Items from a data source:
►
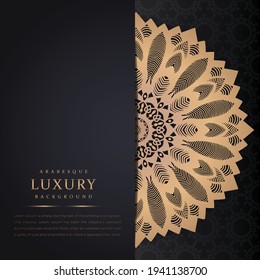 Ethnische Vektormandala Design für Einladungen, Karten, Etiketten. Runde Logo- und Etikettenvorlage. Luxuriöse Blumenmuster. Orientalische Ornamente im Boho-Stil. Islamischer Hintergrund Mittwoch, Vektorgrafik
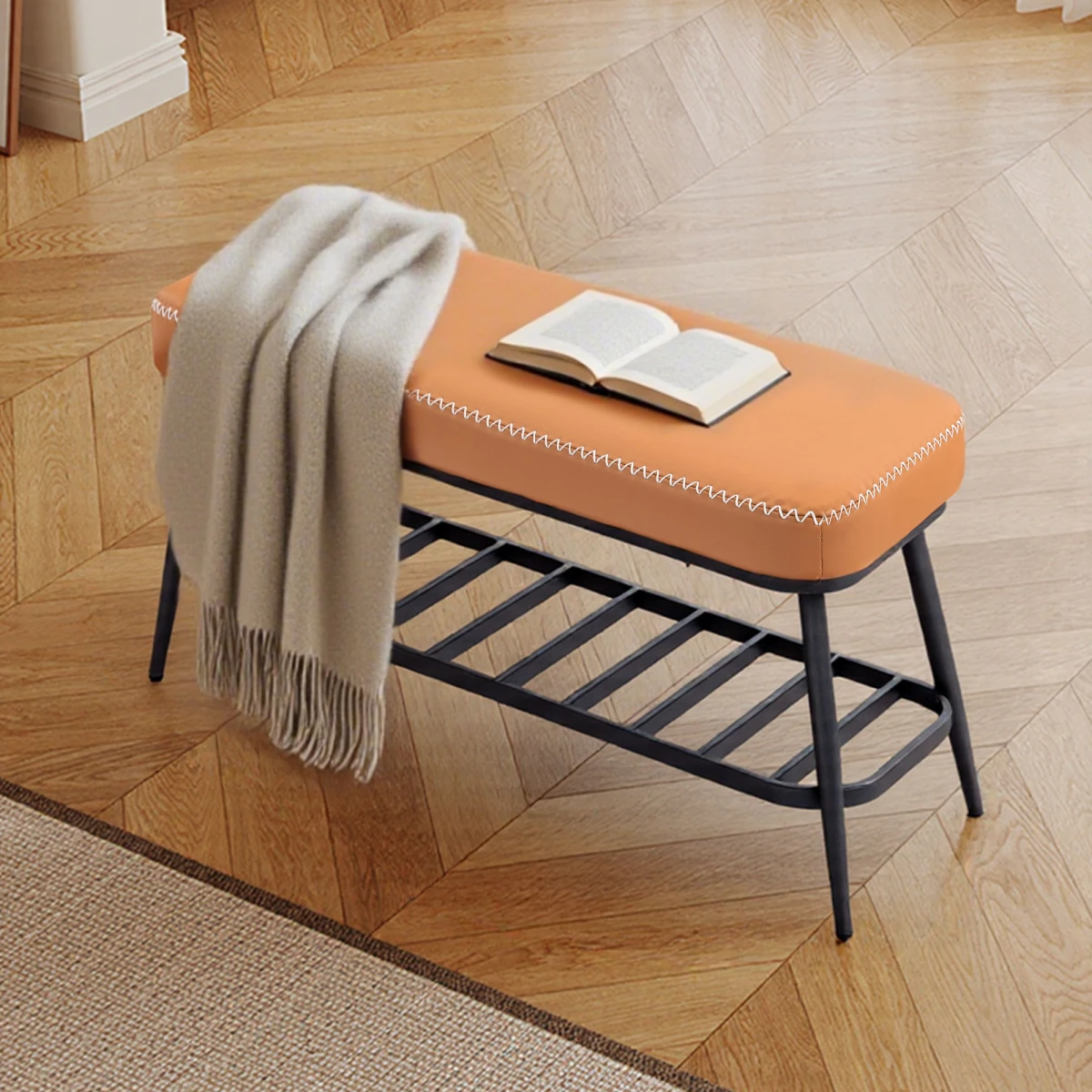 HOMCOM Shoe Bench, PU Leather Shoe Storage Bench for Entryway by HOMCOM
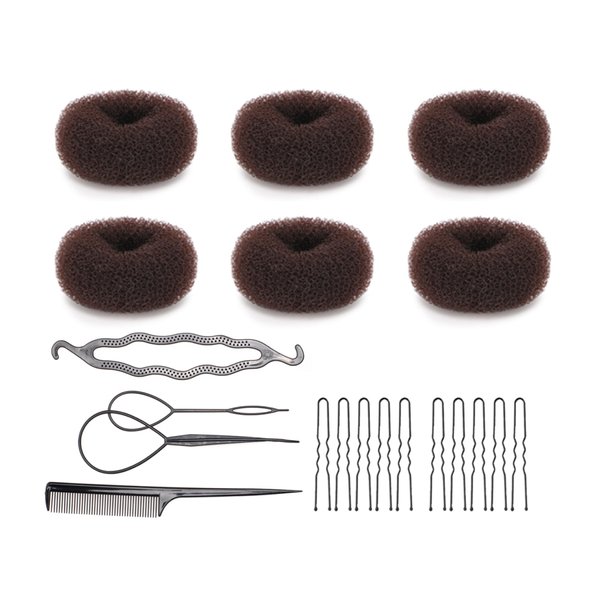 Asltw 30 Pieces Hair Bun Shaper Set - Donut Hair Rings, Sock Buns, Black Magic Twist Styling Accessories for DIY Hairstyles for Girls & Women (Brown)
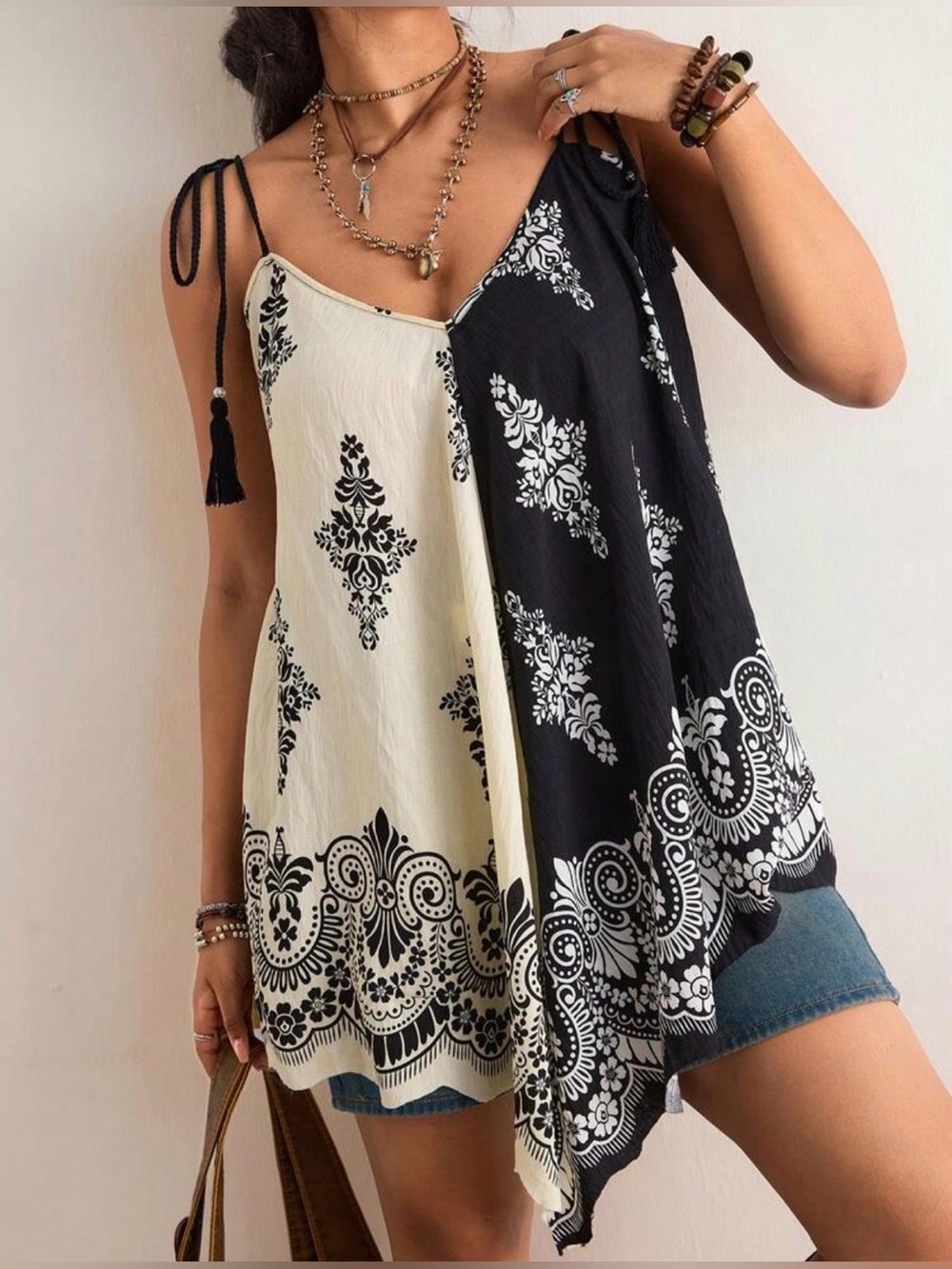 Commense Black & Cream Two-Tone bohemian floral top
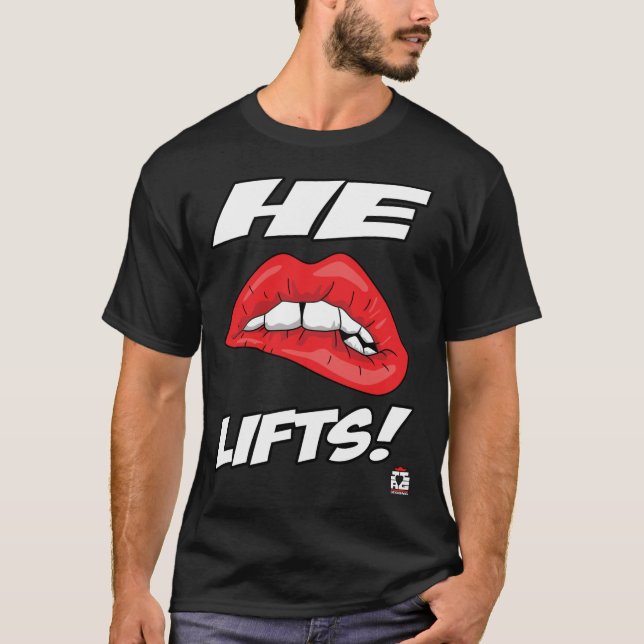 Han lyfter! t-shirt (Framsida)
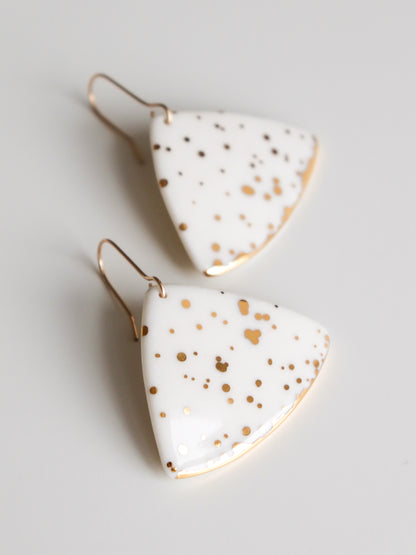 Leaf Earrings in White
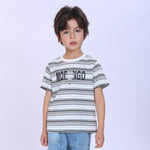 Grey Striped Fashion T-Shirt For Boys Image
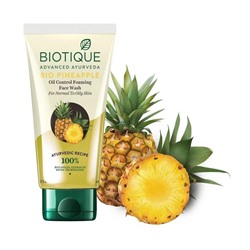 Biotique Bio Pineapple Oil Control Foaming Face Wash 100ml / Био Гель для Лица Балансирующий Жирность Кожи и Пенящийся с Ананасовым Маслом 100мл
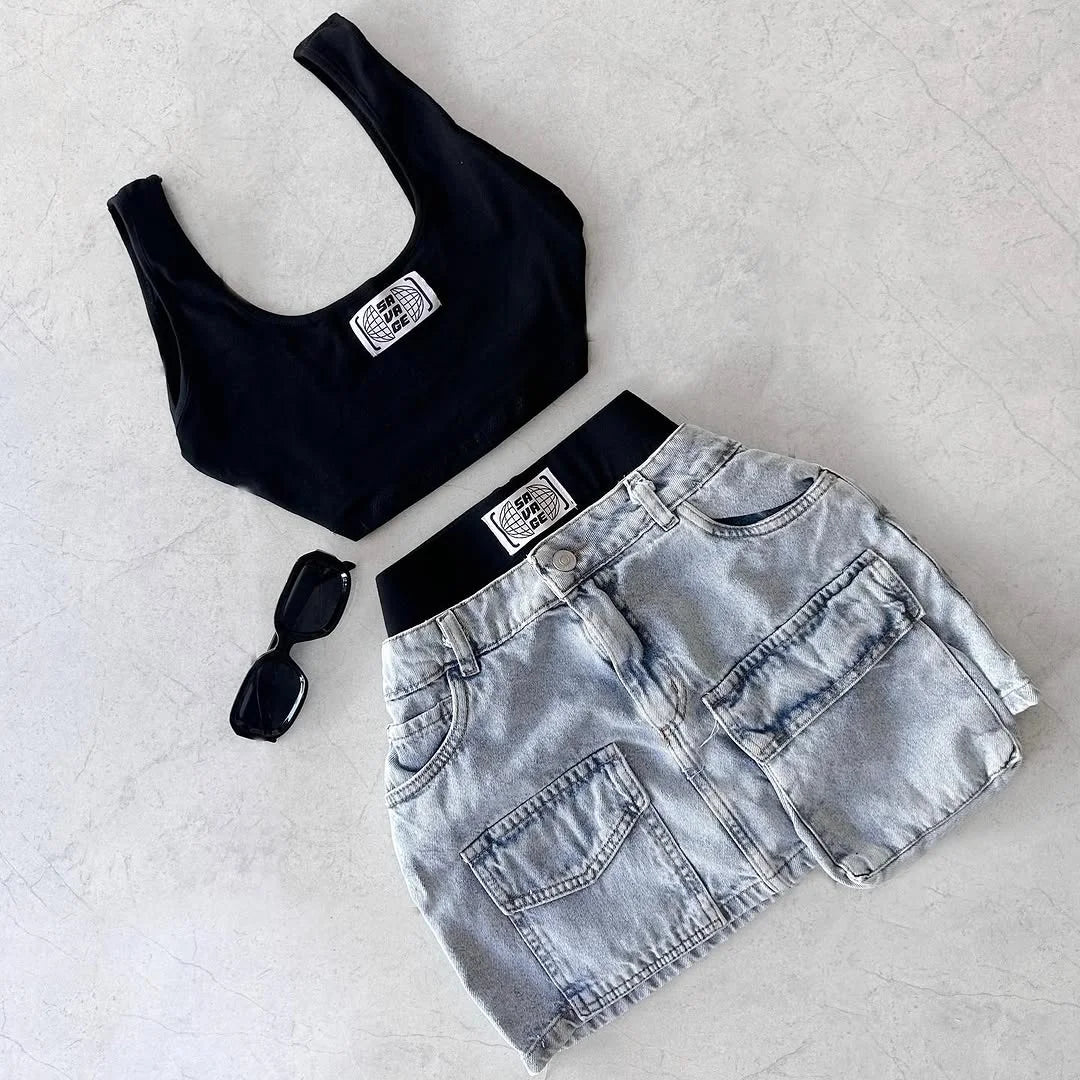 Two piece jean skirt and matching top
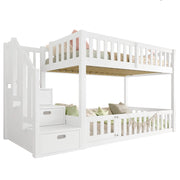 LETTO A CASTELLO 90x200 cm Bianco in MDF e Pino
◄
### What to do
An exact retyping of each record, with no pictures, is the answer required.

### Completed exercise
 Ethnische Vektormandala Design für Einladungen, Karten, Etiketten. Runde Logo- und Etikettenvorlage. Luxuriöse Blumenmuster. Orientalische Ornamente im Boho-Stil. Islamischer Hintergrund Mittwoch, Vektorgrafik
 HOMCOM Shoe Bench, PU Leather Shoe Storage Bench for Entryway by HOMCOM
 Asltw 30 Pieces Hair Bun Shaper Set - Donut Hair Rings, Sock Buns, Black Magic Twist Styling Accessories for DIY Hairstyles for Girls & Women (Brown)
 Commense Black & Cream Two-Tone bohemian floral top
 Han lyfter! t-shirt (Framsida)
 Leaf Earrings in White
 Grey Striped Fashion T-Shirt For Boys Image
 Biotique Bio Pineapple Oil Control Foaming Face Wash 100ml / Био Гель для Лица Балансирующий Жирность Кожи и Пенящийся с Ананасовым Маслом 100мл
 Two piece jean skirt and matching top
 LETTO A CASTELLO 90x200 cm Bianco in MDF e Pino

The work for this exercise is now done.